An ancient plaque featuring a bee goddess.
Credit: Jastrow/Wikimedia Commons
This plaque, housed at the British Museum, is one of many ancient representations of bee worship.

Although people around the world—including ancient Mayan, Egyptian, Hindu, and Greek cultures—have all worshiped bees at one point or another, it’s been a long-standing mystery as to when humans began using beeswax. Now a team of researchers led by Mélanie Roffet-Salque at the University of Bristol has come closer to an answer: The group used gas chromatography/mass spectrometry to analyze 6,400 pottery sherds across Europe, the Middle East, and North Africa for the chemical signature of beeswax, a precise mixture of n-alkanes, n-alkanoic acids, and fatty acyl wax esters.

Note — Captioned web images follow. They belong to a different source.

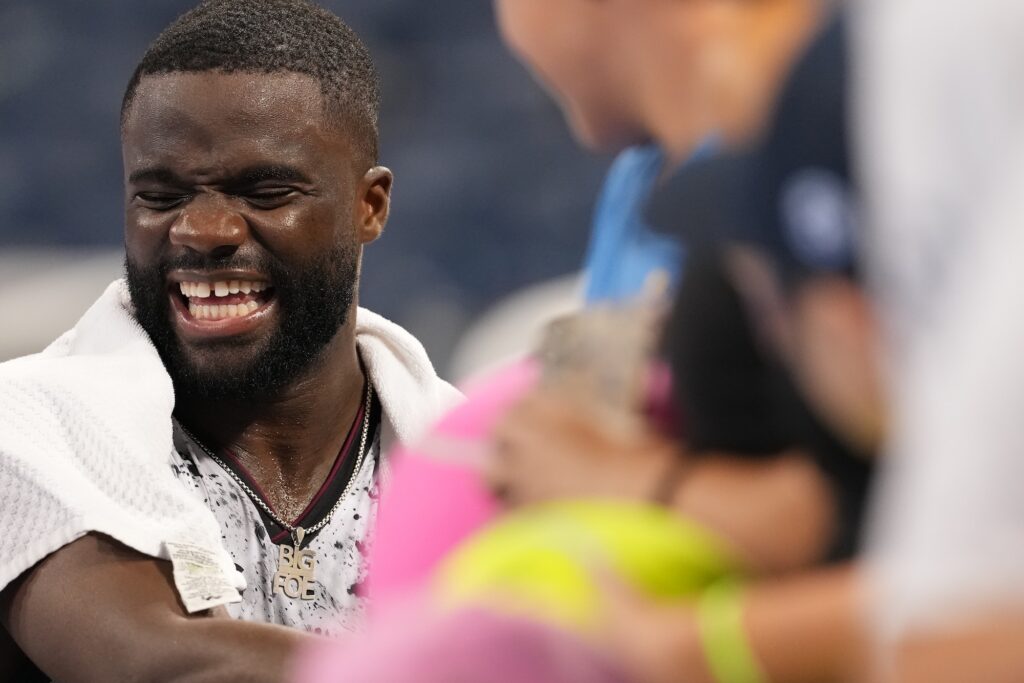 Frances Tiafoe laughs courtside with a towel around his neck, wearing a chain with a Big Foe pendant.
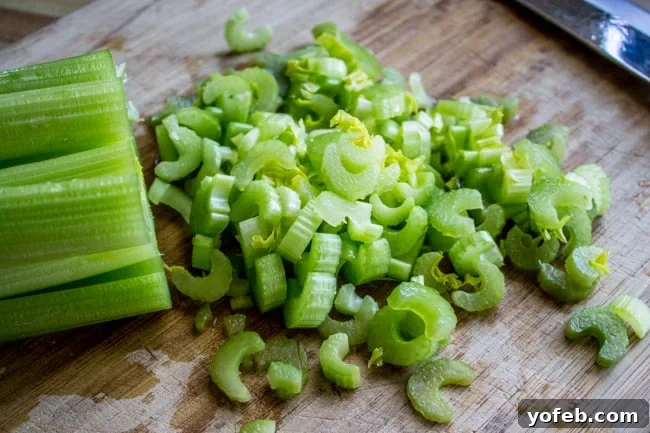 Vibrant 30-Minute Pea Soup 5 Fresh celery stalks being chopped on a rustic wooden cutting board, ready for the soup pot.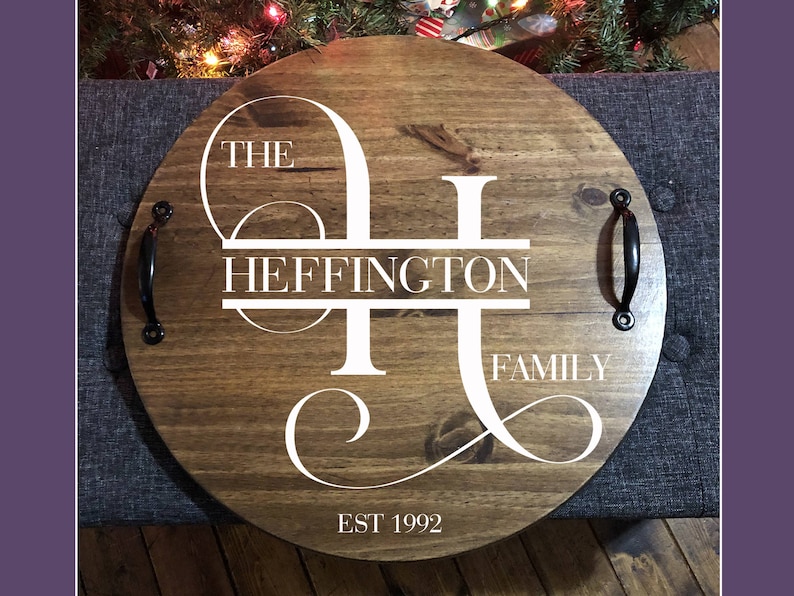 Whether you're looking to enhance your living room ottoman table or searching for the perfect  personalized gift, Our 18" round wood tray featuring a monogram name design that will add a personal touch to any space.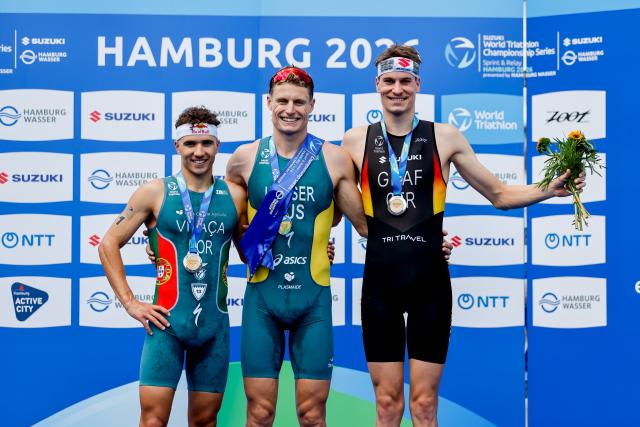 11 July 2026, Hamburg: (L-R) Portugal's Second-placed Vasco Vilaca, Australia's winner Matthew Hauser, and Germany's third-placed Henry Graf celebrate on the podium after the men's sprint race at the ITU World Triathlon Series/World Championship, comprising a 750-metre swim, a 20-kilometre bike ride and a five-kilometre run. Photo: Philipp Szyza/dpa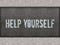 HELP YOURSELF painted on metal panel wall.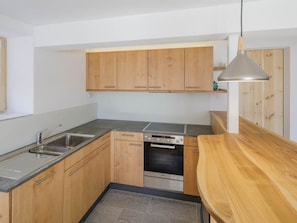 A modern kitchen with wooden cabinets, a stainless steel sink, a built-in oven, and a wooden countertop. - Guarda Val Müller Erlenstube Wohnung Erlenstube Wohnung Erlenstube by Interhome (Lantsch)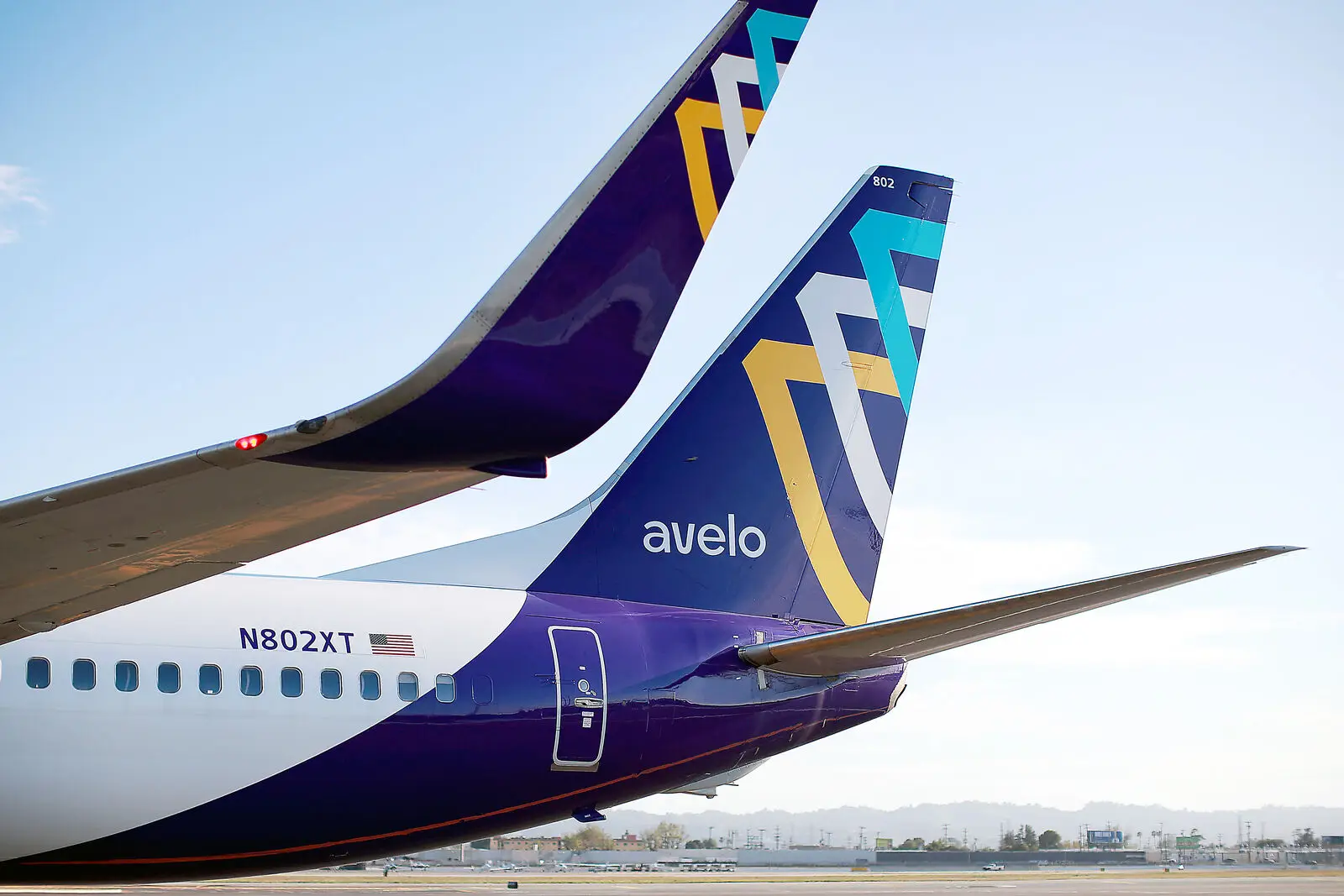 A close-up of two Avelo Airlines Boeing 737 aircraft tails featuring the airline’s signature purple, blue, and gold livery.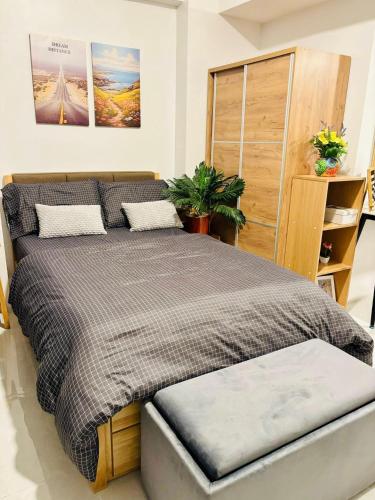 a bedroom with a large bed in a room at The Tranquil Nook in Mandaue City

The team found that use of beeswax dates back at least 9,000 years, to the 7th millennium B.C.E., when humans were turning to agricultural lifestyles (Nature 2015, DOI: 10.1038/nature15757). These Neolithic humans probably used beeswax for a variety of applications: as a waterproofing agent for pottery vessels as well as a fuel, a cosmetic ingredient, and an instrument for religious ceremonies. The team discovered that the earliest evidence of beeswax use was in Anatolia, Turkey. Hunter-gatherers might have been using beehive products earlier than the 7th millennium B.C.E., Roffet-Salque says, but it’s difficult to prove because hunter-gatherers did not use pottery, so there are no sherds to analyze.